China is in a mild panic, and I have a hunch it has little to do with COVID-19.

Their ridiculous, and failed, “zero-tolerance” COVID policy is magic thinking. But this magic thinking has led to yet another port shut down, this time in Shanghai. The target is not the Chinese longshoremen and lorry drivers, trying to keep them from catching a virus that might kill 0.5% of them. The target is the multinational American and European companies that are being pressured at home to decouple from China. The Shanghai lockdowns stifle supply chains heading to the U.S. and Europe, proving that China is “the indispensable nation.”

China is nervous that people here are thinking otherwise.

Volkswagen knows what the Shanghai shutdown means. It means supply constraints because everything is made in China, including some basic semiconductors used in automotive manufacturing. That leads to higher prices because things are harder to buy, harder to make. That hurts the U.S. economy.

Facebook Paid GOP Firm to Malign TikTok

The Washington Post reported:

Facebook parent company Meta is paying one of the biggest Republican consulting firms in the country to orchestrate a nationwide campaign seeking to turn the public against TikTok.

The campaign includes placing op-eds and letters to the editor in major regional news outlets, promoting dubious stories about alleged TikTok trends that actually originated on Facebook, and pushing to draw political reporters and local politicians into helping take down its biggest competitor.

These bare-knuckle tactics, long commonplace in the world of politics, have become increasingly noticeable within a tech industry where companies vie for cultural relevance and come at a time when Facebook is under pressure to win back young users.

Rise of the Five-Year-Old ‘TikTots’

BBC News reported:

Children as young as five use social media, despite most platforms having rules users must be over the age of 13.

An annual study into media habits, from Ofcom, highlighted the mini social-media mavens, with a third of parents of five- to seven-year-olds revealing their child had a social-media profile.

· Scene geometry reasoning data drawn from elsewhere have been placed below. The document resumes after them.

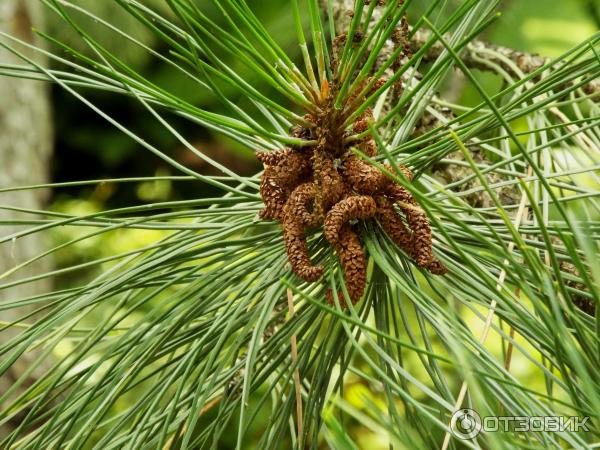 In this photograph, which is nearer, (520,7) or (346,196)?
(346,196)

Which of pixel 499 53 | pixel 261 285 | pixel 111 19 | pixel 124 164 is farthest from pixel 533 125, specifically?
pixel 124 164

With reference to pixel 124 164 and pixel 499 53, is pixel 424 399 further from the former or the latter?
pixel 124 164

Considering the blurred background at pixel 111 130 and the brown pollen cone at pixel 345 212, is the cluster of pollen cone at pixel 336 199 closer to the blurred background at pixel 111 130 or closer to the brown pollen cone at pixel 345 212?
the brown pollen cone at pixel 345 212

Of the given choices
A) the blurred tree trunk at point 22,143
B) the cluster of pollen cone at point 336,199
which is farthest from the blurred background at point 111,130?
the cluster of pollen cone at point 336,199

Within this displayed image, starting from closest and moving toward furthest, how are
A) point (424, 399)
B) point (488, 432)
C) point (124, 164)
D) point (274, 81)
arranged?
point (488, 432) < point (274, 81) < point (424, 399) < point (124, 164)

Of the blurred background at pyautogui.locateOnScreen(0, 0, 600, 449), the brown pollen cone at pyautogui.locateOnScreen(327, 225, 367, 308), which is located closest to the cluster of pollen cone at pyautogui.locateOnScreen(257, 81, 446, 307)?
the brown pollen cone at pyautogui.locateOnScreen(327, 225, 367, 308)

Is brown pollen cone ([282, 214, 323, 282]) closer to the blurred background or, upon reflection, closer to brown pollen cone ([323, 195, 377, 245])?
brown pollen cone ([323, 195, 377, 245]) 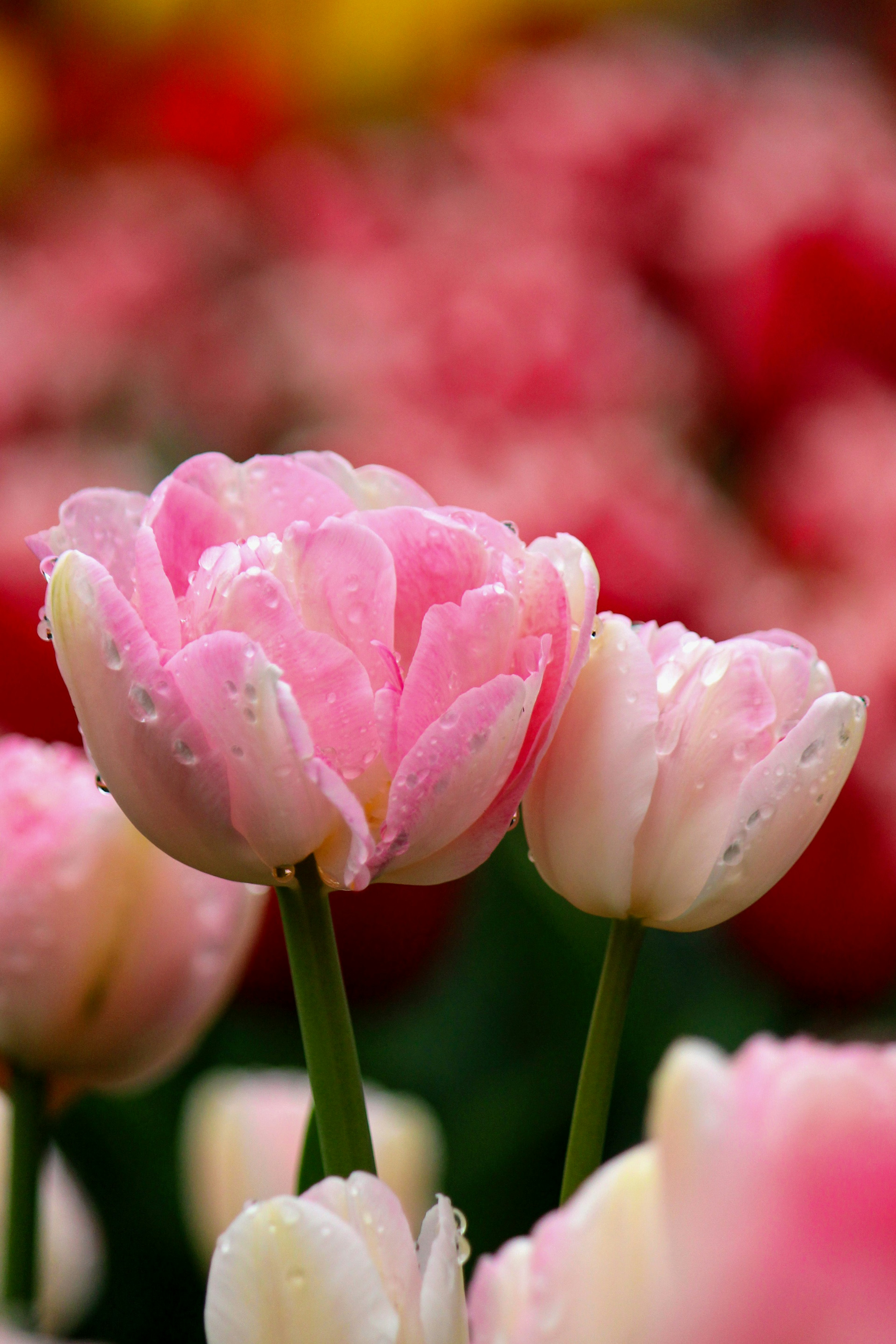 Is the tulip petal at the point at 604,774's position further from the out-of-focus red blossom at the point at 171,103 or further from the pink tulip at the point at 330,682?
the out-of-focus red blossom at the point at 171,103

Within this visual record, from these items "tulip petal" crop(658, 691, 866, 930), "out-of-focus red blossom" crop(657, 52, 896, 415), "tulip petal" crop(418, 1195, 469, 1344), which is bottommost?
"tulip petal" crop(418, 1195, 469, 1344)

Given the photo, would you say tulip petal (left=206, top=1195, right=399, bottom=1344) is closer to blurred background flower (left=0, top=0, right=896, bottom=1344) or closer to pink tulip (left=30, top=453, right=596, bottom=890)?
pink tulip (left=30, top=453, right=596, bottom=890)

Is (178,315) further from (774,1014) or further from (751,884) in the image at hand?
(751,884)

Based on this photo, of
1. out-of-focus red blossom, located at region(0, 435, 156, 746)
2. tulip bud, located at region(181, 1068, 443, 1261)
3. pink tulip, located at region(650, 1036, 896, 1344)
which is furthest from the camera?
out-of-focus red blossom, located at region(0, 435, 156, 746)

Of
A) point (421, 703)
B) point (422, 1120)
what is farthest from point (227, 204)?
point (421, 703)

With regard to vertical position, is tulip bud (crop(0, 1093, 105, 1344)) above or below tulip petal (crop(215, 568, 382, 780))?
below

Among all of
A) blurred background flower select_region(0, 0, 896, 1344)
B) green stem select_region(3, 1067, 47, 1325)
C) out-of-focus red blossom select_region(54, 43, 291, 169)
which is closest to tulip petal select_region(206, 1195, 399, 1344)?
green stem select_region(3, 1067, 47, 1325)

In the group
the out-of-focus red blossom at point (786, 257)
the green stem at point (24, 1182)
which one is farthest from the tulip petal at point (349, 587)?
the out-of-focus red blossom at point (786, 257)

Among the eight- to 11-year-olds who used social media, the most popular platform was TikTok, with one in every three having an account.

The report noted even younger children — TikTots as Ofcom dubbed them — were watching videos on TikTok, including 16% of the three- to four-year-olds. The survey also found 22% of parents of three- to four-year-olds and 38% of parents of eight- to 11-year-olds said they would allow their child to have a profile on social media before they reached the minimum age.

Meta Halts Plans for Mega New Data Center After Local Backlash

TechRadar reported:

Meta, the company formerly known as Facebook, has halted its plans for a new data center in the Netherlands after intense opposition from the government.

“Given the current circumstances, we have decided to pause our development efforts in Zeewolde,” said a company spokesperson.

The “current circumstances” in question are local, provincial, and national governments raising a series of concerns over the massive project, which would have served much of continental Europe.

Data-Harvesting Code in Mobile Apps Sends User Data to ‘Russia’s Google’

Ars Technica reported:

Russia’s biggest Internet company has embedded code into apps found on mobile devices that allow information about millions of users to be sent to servers located in its home country.

The revelation relates to software created by Yandex that permits developers to create apps for devices running Apple’s iOS and Google’s Android, systems that run the vast majority of the world’s smartphones.

Yandex collects user data harvested from mobile phones before sending the information to servers in Russia. Researchers have raised concerns the same “metadata” may then be accessed by the Kremlin and used to track people through their mobile phones.